[WHAT NEEDS TO BE DONE] Only the lines from the start of the data through the one containing "Student Pumpkin Decorating Contest" belong in your answer; return them exactly.
─── DATA EXTRACT
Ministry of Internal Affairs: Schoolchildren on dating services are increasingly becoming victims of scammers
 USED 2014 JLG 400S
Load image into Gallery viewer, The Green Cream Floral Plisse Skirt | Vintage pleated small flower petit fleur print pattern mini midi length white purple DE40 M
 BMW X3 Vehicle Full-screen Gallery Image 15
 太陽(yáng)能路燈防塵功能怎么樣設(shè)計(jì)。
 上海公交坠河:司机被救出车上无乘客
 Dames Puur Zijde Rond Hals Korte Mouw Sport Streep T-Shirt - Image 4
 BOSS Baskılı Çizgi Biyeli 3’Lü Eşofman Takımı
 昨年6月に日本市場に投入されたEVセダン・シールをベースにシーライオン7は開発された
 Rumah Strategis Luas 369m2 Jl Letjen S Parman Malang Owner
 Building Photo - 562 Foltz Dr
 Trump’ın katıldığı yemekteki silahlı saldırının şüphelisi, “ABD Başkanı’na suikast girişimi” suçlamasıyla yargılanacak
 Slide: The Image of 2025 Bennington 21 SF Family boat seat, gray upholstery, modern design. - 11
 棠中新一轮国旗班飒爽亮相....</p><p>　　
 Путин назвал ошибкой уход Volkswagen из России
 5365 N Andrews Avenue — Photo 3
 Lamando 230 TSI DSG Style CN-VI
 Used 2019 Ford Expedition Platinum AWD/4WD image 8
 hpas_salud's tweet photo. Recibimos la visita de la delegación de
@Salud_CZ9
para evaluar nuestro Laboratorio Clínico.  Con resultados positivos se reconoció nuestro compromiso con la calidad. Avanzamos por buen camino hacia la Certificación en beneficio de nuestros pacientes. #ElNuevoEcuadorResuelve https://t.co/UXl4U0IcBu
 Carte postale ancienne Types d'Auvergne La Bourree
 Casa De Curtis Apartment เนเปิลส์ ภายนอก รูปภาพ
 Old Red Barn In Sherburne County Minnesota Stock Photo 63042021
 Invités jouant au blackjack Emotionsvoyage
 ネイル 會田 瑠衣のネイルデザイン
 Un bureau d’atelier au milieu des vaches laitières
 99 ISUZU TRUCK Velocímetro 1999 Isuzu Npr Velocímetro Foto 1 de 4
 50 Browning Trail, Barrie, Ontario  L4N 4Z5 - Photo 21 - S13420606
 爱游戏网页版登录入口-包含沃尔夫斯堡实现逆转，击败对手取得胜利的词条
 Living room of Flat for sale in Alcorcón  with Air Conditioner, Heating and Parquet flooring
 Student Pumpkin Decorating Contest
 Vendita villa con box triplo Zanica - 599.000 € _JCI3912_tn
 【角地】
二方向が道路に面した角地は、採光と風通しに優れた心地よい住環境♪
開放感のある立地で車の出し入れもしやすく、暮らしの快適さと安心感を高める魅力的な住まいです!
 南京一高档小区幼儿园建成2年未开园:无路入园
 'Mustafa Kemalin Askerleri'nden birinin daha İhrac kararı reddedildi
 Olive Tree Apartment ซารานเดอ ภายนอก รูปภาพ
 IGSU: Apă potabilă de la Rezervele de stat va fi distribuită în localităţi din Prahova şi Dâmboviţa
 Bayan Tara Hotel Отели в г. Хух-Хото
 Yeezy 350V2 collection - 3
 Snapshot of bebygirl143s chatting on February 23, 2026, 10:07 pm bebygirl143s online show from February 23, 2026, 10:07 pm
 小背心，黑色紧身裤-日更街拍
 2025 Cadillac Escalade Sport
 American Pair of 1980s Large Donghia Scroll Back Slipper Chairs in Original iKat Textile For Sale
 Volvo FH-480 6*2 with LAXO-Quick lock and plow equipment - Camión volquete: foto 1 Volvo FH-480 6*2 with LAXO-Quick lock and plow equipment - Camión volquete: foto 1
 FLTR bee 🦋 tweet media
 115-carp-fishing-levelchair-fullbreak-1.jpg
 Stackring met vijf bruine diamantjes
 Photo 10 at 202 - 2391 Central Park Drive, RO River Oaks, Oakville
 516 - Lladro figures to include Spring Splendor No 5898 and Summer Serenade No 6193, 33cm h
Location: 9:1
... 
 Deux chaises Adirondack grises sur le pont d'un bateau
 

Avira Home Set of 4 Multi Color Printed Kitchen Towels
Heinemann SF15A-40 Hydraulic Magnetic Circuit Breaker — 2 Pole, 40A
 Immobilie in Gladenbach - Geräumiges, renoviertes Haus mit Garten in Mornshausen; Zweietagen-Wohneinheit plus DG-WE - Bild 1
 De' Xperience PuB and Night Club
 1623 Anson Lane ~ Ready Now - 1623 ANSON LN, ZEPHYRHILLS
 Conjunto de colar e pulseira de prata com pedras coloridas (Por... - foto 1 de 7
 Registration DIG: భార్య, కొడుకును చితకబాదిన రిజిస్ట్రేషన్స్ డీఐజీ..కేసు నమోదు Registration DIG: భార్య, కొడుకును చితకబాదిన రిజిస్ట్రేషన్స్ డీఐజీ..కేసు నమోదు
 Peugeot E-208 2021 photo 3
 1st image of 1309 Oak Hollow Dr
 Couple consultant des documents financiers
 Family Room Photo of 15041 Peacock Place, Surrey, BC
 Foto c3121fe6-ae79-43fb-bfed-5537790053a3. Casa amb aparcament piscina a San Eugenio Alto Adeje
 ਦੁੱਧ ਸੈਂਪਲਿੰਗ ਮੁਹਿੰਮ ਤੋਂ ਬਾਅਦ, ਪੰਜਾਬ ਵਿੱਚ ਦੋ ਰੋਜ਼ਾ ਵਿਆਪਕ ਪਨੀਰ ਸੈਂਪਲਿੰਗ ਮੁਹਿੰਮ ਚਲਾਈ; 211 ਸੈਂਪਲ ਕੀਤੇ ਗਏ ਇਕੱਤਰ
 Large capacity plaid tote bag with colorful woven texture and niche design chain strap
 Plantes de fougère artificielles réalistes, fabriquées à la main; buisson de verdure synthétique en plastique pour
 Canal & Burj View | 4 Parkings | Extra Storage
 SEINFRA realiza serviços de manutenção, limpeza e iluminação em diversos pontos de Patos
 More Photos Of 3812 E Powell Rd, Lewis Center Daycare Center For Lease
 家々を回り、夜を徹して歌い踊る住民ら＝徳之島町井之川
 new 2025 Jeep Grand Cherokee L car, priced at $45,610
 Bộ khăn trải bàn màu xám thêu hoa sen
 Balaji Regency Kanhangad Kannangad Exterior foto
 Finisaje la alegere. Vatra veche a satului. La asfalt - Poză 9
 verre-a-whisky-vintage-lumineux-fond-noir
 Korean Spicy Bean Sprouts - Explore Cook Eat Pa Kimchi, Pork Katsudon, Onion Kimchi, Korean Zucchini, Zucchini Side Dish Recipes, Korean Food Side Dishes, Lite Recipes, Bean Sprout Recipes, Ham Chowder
──────
[COMPLETED EXERCISE]
Ministry of Internal Affairs: Schoolchildren on dating services are increasingly becoming victims of scammers
 USED 2014 JLG 400S
Load image into Gallery viewer, The Green Cream Floral Plisse Skirt | Vintage pleated small flower petit fleur print pattern mini midi length white purple DE40 M
 BMW X3 Vehicle Full-screen Gallery Image 15
 太陽(yáng)能路燈防塵功能怎么樣設(shè)計(jì)。
 上海公交坠河:司机被救出车上无乘客
 Dames Puur Zijde Rond Hals Korte Mouw Sport Streep T-Shirt - Image 4
 BOSS Baskılı Çizgi Biyeli 3’Lü Eşofman Takımı
 昨年6月に日本市場に投入されたEVセダン・シールをベースにシーライオン7は開発された
 Rumah Strategis Luas 369m2 Jl Letjen S Parman Malang Owner
 Building Photo - 562 Foltz Dr
 Trump’ın katıldığı yemekteki silahlı saldırının şüphelisi, “ABD Başkanı’na suikast girişimi” suçlamasıyla yargılanacak
 Slide: The Image of 2025 Bennington 21 SF Family boat seat, gray upholstery, modern design. - 11
 棠中新一轮国旗班飒爽亮相....</p><p>　　
 Путин назвал ошибкой уход Volkswagen из России
 5365 N Andrews Avenue — Photo 3
 Lamando 230 TSI DSG Style CN-VI
 Used 2019 Ford Expedition Platinum AWD/4WD image 8
 hpas_salud's tweet photo. Recibimos la visita de la delegación de
@Salud_CZ9
para evaluar nuestro Laboratorio Clínico.  Con resultados positivos se reconoció nuestro compromiso con la calidad. Avanzamos por buen camino hacia la Certificación en beneficio de nuestros pacientes. #ElNuevoEcuadorResuelve https://t.co/UXl4U0IcBu
 Carte postale ancienne Types d'Auvergne La Bourree
 Casa De Curtis Apartment เนเปิลส์ ภายนอก รูปภาพ
 Old Red Barn In Sherburne County Minnesota Stock Photo 63042021
 Invités jouant au blackjack Emotionsvoyage
 ネイル 會田 瑠衣のネイルデザイン
 Un bureau d’atelier au milieu des vaches laitières
 99 ISUZU TRUCK Velocímetro 1999 Isuzu Npr Velocímetro Foto 1 de 4
 50 Browning Trail, Barrie, Ontario  L4N 4Z5 - Photo 21 - S13420606
 爱游戏网页版登录入口-包含沃尔夫斯堡实现逆转，击败对手取得胜利的词条
 Living room of Flat for sale in Alcorcón  with Air Conditioner, Heating and Parquet flooring
 Student Pumpkin Decorating Contest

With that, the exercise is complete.